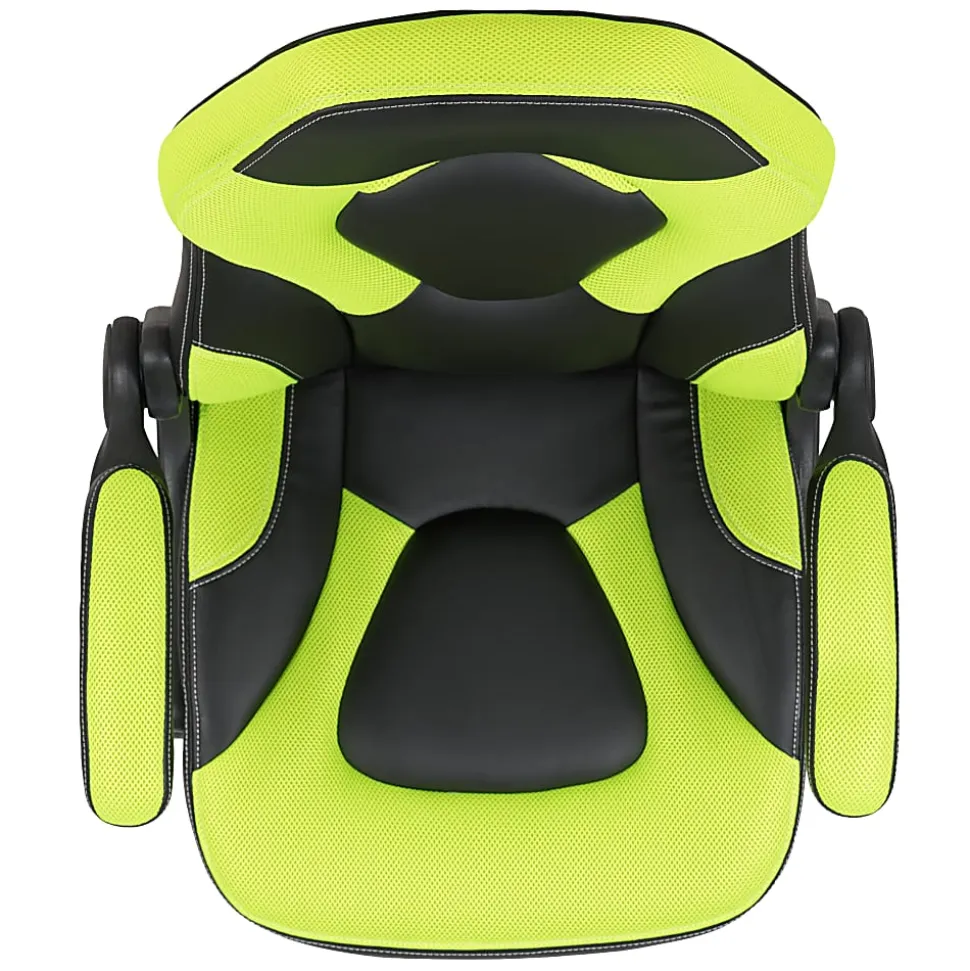 Flash Furniture X10 Ergonomic LeatherSoft™ Faux Leather High-Back Racing Gaming Chair With Flip-Up Arms, Neon Green/Black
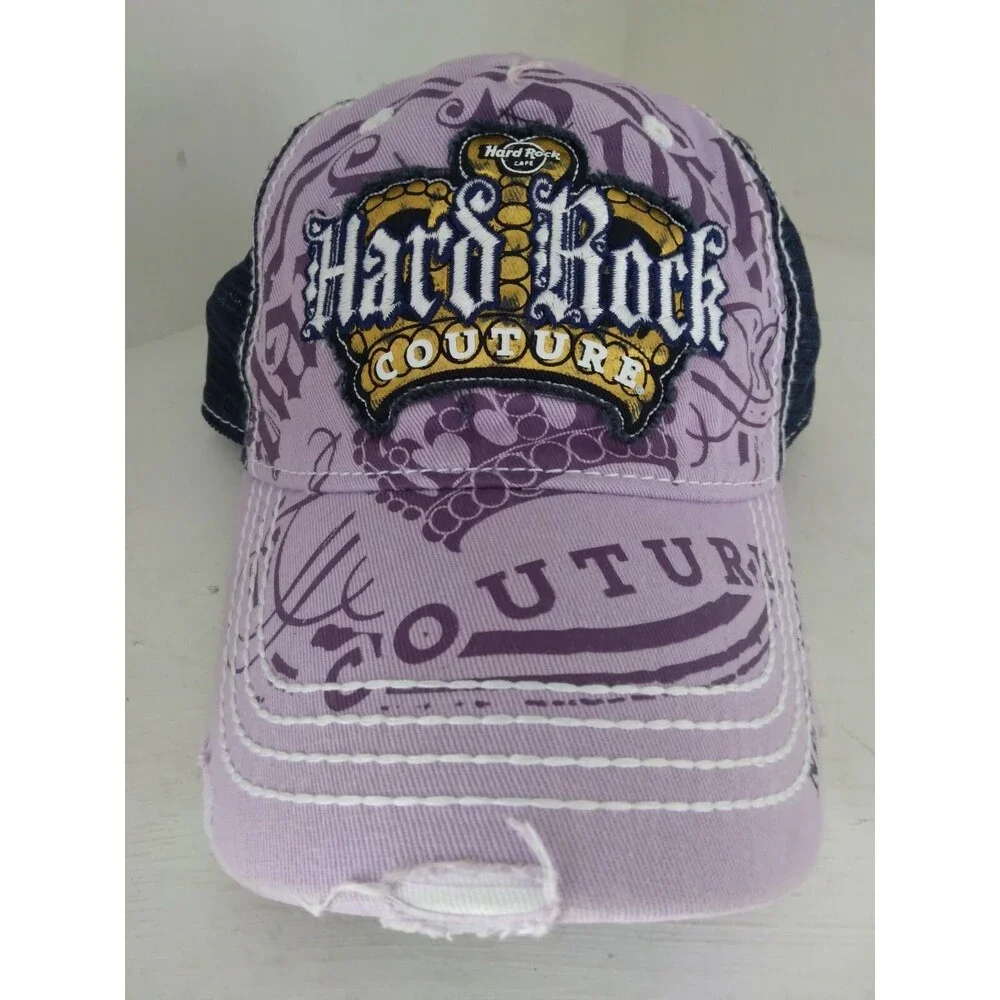 Hard Rock New York Couture Distressed  Purple Blue Mesh Trucker Hat - Picture 6 of 8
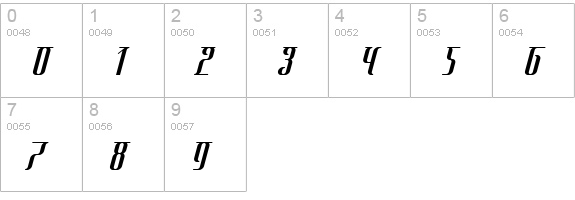 Mata Hari Exotique Italic numbers 0-9 preview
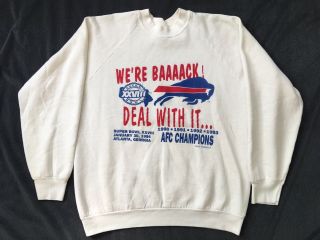 Vtg 1993 Buffalo Bills We’re Back Deal With It Sweatshirt Afc Distressed Size L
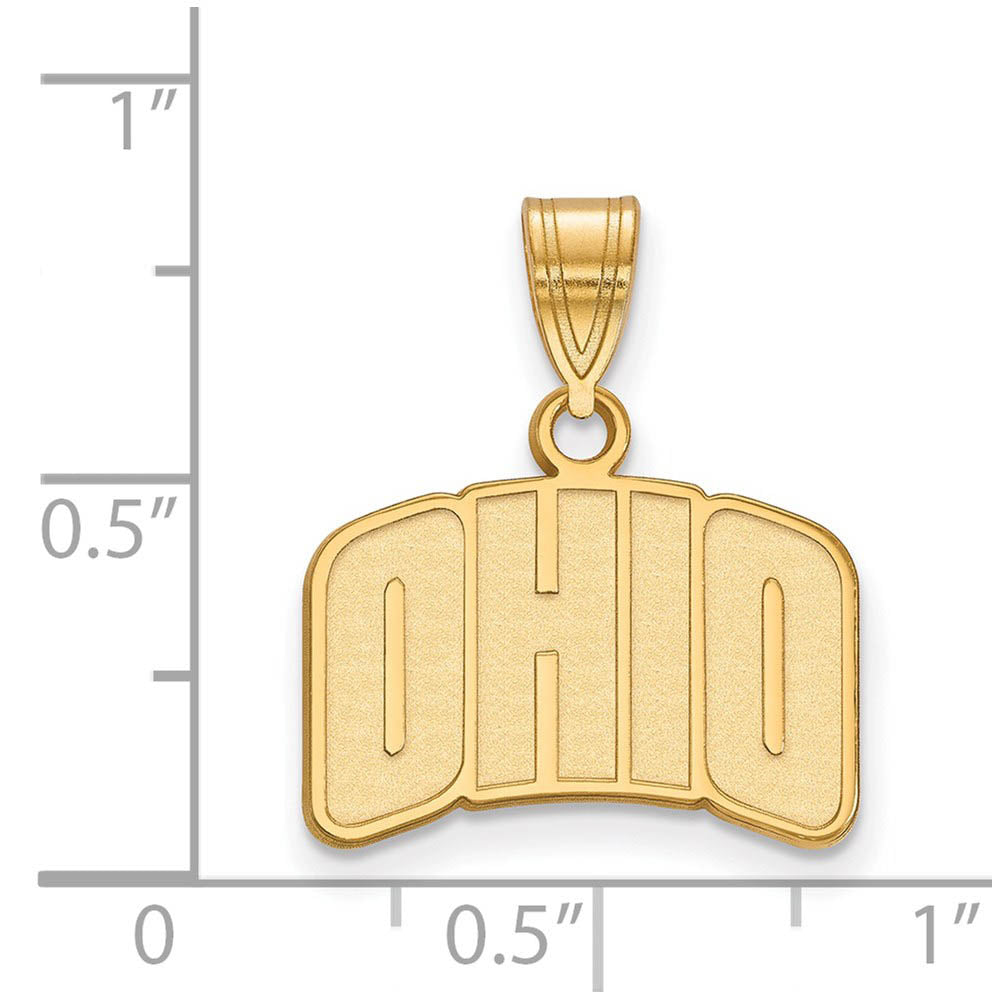 Alternate view of the 10k Yellow Gold Ohio U. Small Pendant by The Black Bow Jewelry Co.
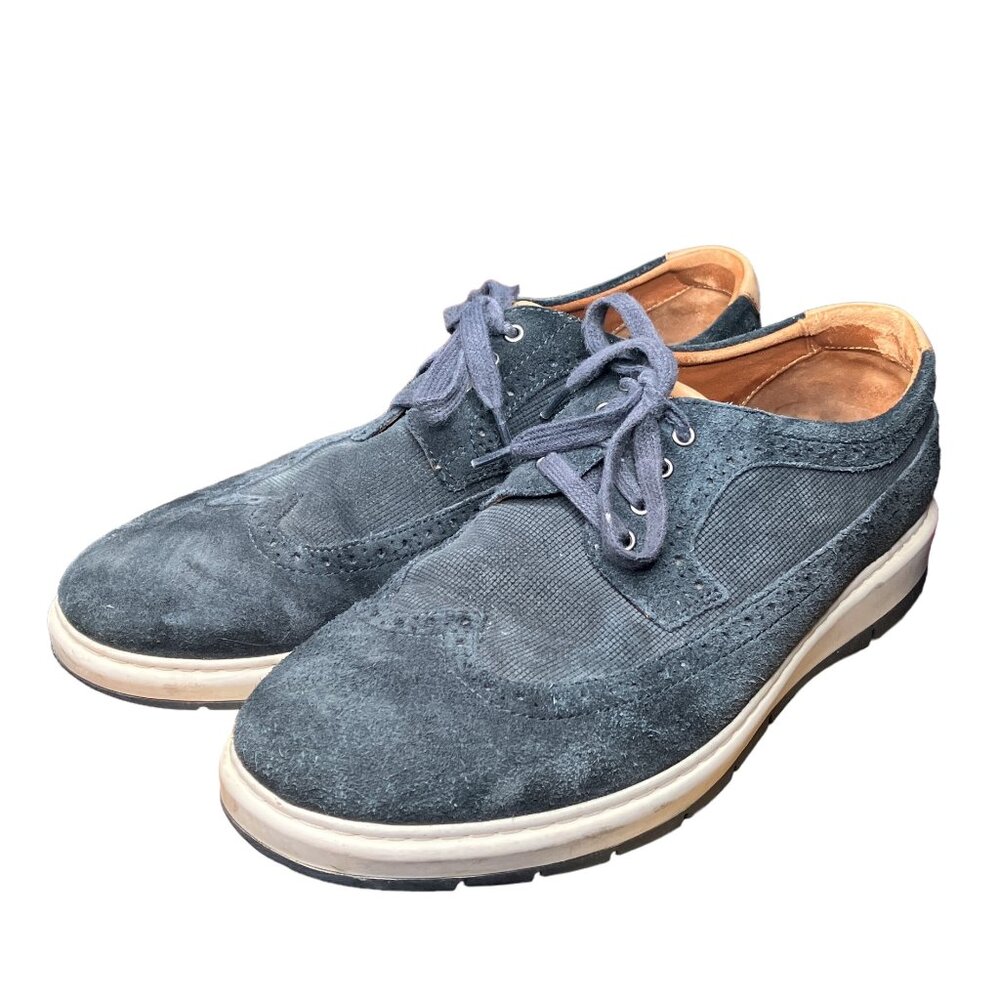 Johnston & Murphy Men's 9.5 M Elliston Wingtip Blue Suede Casual Dress Shoes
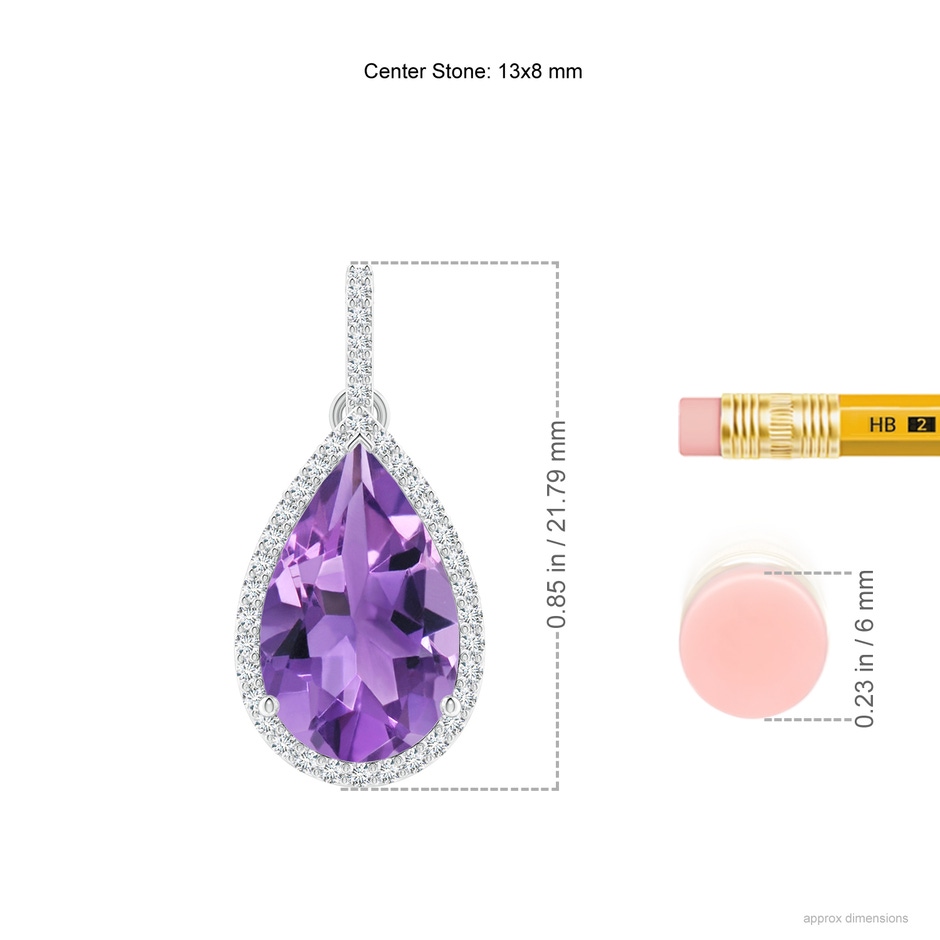 13x8mm AA Pear-Shaped Amethyst Halo Pendant with Diamonds in White Gold ruler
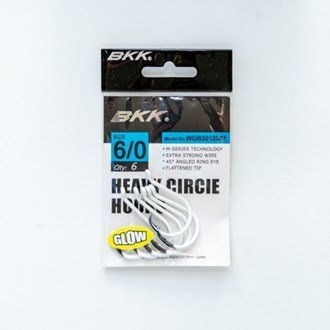 BKK Heavy Circle Hooks Glow #6 Qty 10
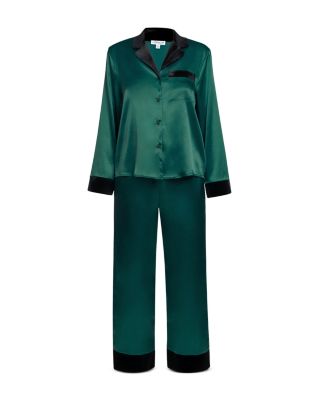 Velvet Trim Satin Pajama Set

======

Exercise goal:
Give every entry again verbatim, with no pictures.

Written solution:
 Flash Furniture X10 Ergonomic LeatherSoft™ Faux Leather High-Back Racing Gaming Chair With Flip-Up Arms, Neon Green/Black
 Hard Rock New York Couture Distressed  Purple Blue Mesh Trucker Hat - Picture 6 of 8
 Mata Hari Exotique Italic numbers 0-9 preview
 Vtg 1993 Buffalo Bills We’re Back Deal With It Sweatshirt Afc Distressed Size L
 Alternate view of the 10k Yellow Gold Ohio U. Small Pendant by The Black Bow Jewelry Co.
 Johnston & Murphy Men's 9.5 M Elliston Wingtip Blue Suede Casual Dress Shoes
 13x8mm AA Pear-Shaped Amethyst Halo Pendant with Diamonds in White Gold ruler
 BKK Heavy Circle Hooks Glow #6 Qty 10
 Velvet Trim Satin Pajama Set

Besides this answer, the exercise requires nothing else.